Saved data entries

Segment Open

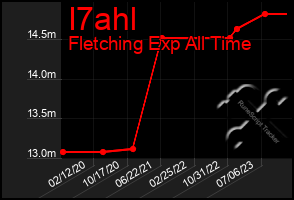 Total Graph of I7ahl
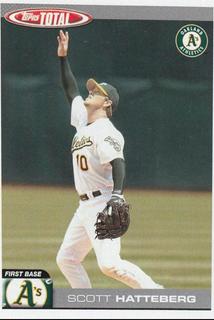 Scott Hatteberg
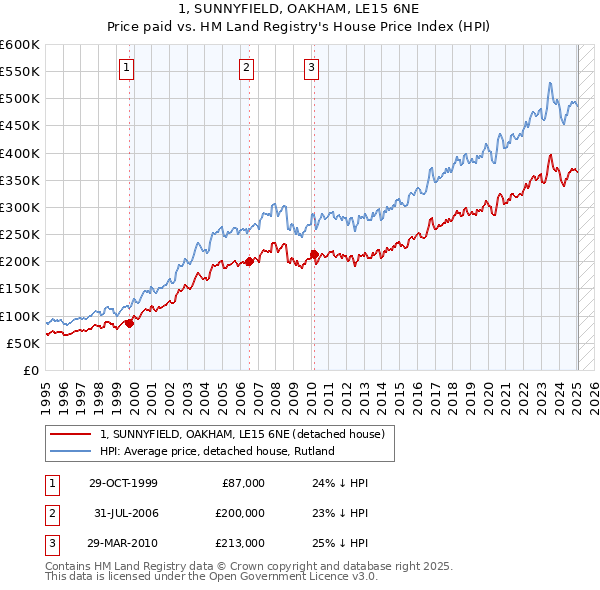 1, SUNNYFIELD, OAKHAM, LE15 6NE: Price paid vs HM Land Registry's House Price Index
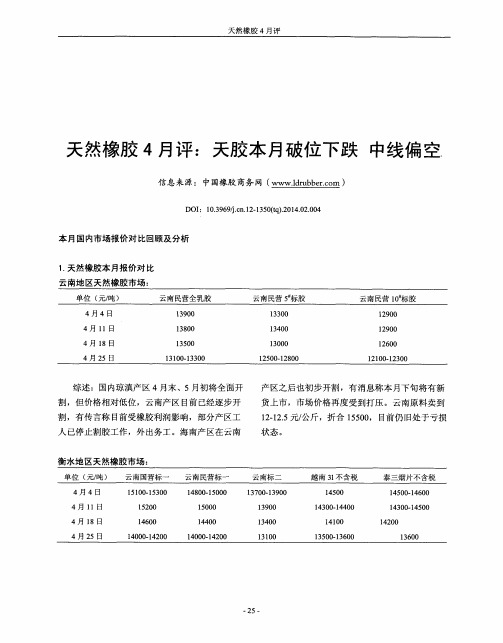 天然橡胶4月评：天胶本月破位下跌中线偏空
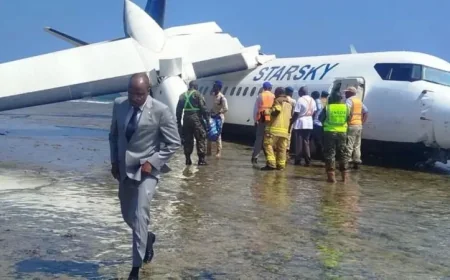 தொழில்நுட்ப கோளாறு: அவசரமாக கடற்கரையில் தரையிறக்கிய விமானம்!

Segment Closed

§ WHAT YOU WILL DO
Every entry above needs to be copied exactly, and no pictures go with it.

§ SOLVED PROBLEM
 Total Graph of I7ahl
 Scott Hatteberg
 1, SUNNYFIELD, OAKHAM, LE15 6NE: Price paid vs HM Land Registry's House Price Index
 天然橡胶4月评：天胶本月破位下跌中线偏空
 தொழில்நுட்ப கோளாறு: அவசரமாக கடற்கரையில் தரையிறக்கிய விமானம்!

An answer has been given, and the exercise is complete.